Johnson didn't want to face the bitterness and anger that was hounding him everywhere he went:

"Hey, Hey LBJ, How many kids did you kill today?"

(Can't imagine crowds today chanting that every time the president appears.) Robert Kennedy announced his candidacy for president on March 16th. McCarthy's supporters called Kennedy ruthless and calculating for letting McCarthy take the major political risks. Banners appeared with slogans like "Bobby Kennedy: Hawk, Dove or Chicken?" McCarthy was the Change candidate and promised to get us out of the war and transform the way politics was practiced. Bobby Kennedy represented the establishment's candidate to many students; to others, he represented the candidate that could win. Following Johnson's exit, Vice President Humphrey entered the race and managed to avoid the primaries -- (or was) too late to enter them -- instead concentrating on winning over unelected delegates.
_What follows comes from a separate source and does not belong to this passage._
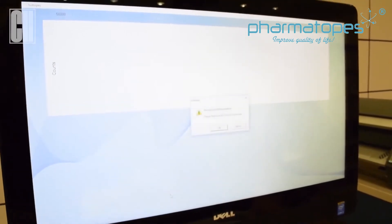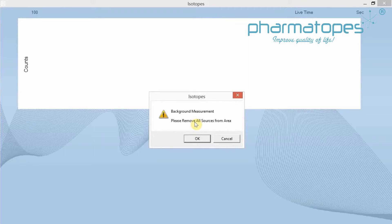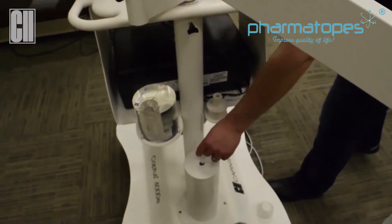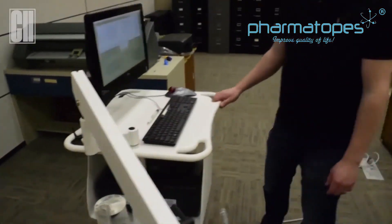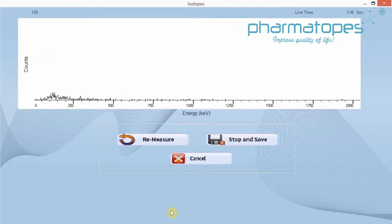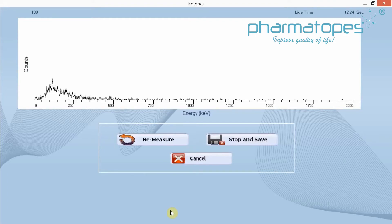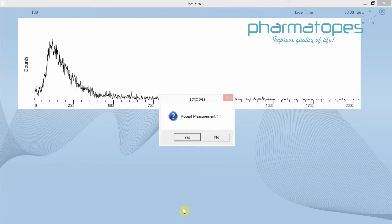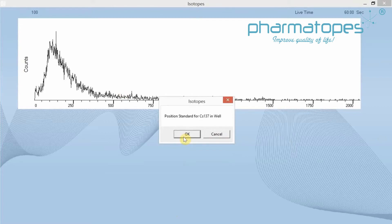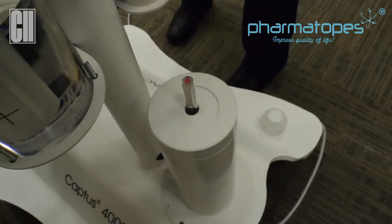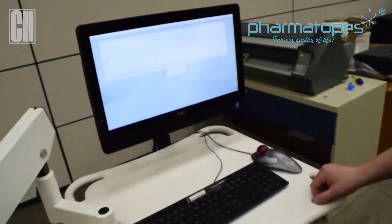Once we click on Start Procedure, it's going to tell us to do the background — please remove all sources from the area. We're going to remove our test source and click OK. It's going to count the live time for 60 seconds at the top corner, and that will measure background, then we'll go to the next step. Once the background's finished counting, click yes to accept the background, and now we're going to position our cesium source in the well. Get the source with the black tip down and place it into the well. Once in place, click OK.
Surely enough, after RFK was assassinated, Humphrey beat George McGovern, who took RFK's place after he was killed, for the nomination in August without a single primary under his belt.

1968 was a heady time.

All over the world, students were angry and challenging authority.

It was the time of the Prague Spring and, later that summer in Czechoslovakia, there were more demonstrations against Russian troops. There were also demonstrations in Poland (against Soviet domination), France (against the Algerian war), and Mexico (against a feudal ruling class), to name a few. But the real legacy of the '68 turmoil was the idea that young people and students had the obligation to challenge authority, to question assumptions... and could succeed.

We drew strength from Robert F. Kennedy's words when he told us, "Let us not have tired answers."

This spirit of questioning and change from the Civil Rights movement and the sixties taught every succeeding generation of students and young people that they must speak truth to power. That it is their civic duty.

The women's movement, the environmental movement, the Civil Rights movement, and the current anti Iraq War movement have all built on this legacy of questioning what is.

This attitude was a radical departure from the complacency of those students who grew up during World War II and the Fifties, when challenging authority was out of the question.

That spring, we didn't entirely change the world, but at least we tried. I am proud that we did.